> WHAT YOU ARE ASKED TO DO
Of all the lines in these entries, count those that contain "Rear" and give only the total.

────────────────

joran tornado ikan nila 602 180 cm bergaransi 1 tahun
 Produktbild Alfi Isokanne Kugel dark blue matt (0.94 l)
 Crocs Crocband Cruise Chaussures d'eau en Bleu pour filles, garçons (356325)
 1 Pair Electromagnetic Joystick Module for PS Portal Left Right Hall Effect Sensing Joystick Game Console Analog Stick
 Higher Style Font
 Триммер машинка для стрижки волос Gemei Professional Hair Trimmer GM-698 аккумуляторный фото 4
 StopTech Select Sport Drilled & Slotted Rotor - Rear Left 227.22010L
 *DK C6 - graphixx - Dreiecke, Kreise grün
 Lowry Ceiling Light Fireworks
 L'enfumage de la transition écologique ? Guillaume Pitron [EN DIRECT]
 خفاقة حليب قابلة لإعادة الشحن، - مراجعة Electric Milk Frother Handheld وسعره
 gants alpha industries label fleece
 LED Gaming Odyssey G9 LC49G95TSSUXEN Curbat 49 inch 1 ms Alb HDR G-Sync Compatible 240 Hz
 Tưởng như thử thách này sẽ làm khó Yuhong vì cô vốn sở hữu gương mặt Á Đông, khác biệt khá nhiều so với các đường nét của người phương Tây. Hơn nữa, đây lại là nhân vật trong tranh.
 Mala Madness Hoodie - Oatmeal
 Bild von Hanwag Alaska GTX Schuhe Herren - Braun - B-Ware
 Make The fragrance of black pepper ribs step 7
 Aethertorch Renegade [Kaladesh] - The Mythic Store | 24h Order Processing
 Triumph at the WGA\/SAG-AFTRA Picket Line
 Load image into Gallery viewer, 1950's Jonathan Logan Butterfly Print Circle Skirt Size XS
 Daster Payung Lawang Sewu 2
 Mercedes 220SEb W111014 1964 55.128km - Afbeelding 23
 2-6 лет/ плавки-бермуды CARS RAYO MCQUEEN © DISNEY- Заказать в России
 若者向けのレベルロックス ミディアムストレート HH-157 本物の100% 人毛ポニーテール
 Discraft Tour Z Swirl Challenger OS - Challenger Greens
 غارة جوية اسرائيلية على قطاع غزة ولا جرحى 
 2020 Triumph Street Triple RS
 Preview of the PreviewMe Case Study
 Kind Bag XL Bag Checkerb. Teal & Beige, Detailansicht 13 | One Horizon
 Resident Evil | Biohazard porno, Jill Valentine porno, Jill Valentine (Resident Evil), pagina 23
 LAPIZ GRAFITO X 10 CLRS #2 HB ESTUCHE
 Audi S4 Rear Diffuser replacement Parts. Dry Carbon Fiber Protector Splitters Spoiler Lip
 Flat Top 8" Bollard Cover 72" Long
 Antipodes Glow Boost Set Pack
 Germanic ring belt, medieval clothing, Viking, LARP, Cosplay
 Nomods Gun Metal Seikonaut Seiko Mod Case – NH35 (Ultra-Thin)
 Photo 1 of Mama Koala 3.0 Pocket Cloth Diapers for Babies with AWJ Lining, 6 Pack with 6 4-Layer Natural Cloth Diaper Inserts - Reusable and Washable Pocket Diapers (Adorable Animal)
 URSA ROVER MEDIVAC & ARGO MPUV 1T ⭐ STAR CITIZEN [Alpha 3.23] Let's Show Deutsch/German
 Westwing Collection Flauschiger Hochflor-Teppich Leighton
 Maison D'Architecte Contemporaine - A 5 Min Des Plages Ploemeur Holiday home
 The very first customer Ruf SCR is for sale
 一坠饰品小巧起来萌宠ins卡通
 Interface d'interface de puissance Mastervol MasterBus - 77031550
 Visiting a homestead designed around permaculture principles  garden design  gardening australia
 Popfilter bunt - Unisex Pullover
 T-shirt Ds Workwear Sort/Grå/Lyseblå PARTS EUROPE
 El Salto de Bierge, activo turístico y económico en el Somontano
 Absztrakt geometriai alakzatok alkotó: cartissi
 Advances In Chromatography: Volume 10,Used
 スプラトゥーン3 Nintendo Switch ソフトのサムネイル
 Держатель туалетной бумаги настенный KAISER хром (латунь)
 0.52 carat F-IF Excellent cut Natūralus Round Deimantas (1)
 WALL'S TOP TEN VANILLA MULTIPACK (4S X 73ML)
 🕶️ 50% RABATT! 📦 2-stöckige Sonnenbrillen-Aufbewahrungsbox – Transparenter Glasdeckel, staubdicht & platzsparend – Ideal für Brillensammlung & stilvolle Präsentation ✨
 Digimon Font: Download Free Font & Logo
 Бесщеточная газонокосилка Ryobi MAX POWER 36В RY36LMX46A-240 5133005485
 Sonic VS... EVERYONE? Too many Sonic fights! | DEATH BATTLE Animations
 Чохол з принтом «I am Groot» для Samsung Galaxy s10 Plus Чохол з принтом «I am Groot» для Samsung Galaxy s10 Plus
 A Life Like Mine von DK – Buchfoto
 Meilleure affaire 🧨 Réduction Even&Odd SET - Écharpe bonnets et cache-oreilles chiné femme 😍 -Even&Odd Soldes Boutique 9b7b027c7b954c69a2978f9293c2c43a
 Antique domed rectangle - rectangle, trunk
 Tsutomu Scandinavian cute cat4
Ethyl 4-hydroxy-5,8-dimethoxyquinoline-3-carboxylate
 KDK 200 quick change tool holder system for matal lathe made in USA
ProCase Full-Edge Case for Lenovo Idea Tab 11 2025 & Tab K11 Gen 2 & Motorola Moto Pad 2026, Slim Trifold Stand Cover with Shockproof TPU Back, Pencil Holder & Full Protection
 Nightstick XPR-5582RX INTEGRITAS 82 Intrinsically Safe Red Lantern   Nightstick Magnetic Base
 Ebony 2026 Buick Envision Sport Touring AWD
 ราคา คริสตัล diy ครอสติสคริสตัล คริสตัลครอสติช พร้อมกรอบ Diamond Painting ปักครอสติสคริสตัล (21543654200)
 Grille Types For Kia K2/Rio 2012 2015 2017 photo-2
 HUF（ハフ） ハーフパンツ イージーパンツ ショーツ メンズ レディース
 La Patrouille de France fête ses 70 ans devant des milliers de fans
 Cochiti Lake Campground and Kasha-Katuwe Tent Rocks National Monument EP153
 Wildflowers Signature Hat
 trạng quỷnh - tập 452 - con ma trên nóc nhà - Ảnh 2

────────────────

> EXPECTED ANSWER
2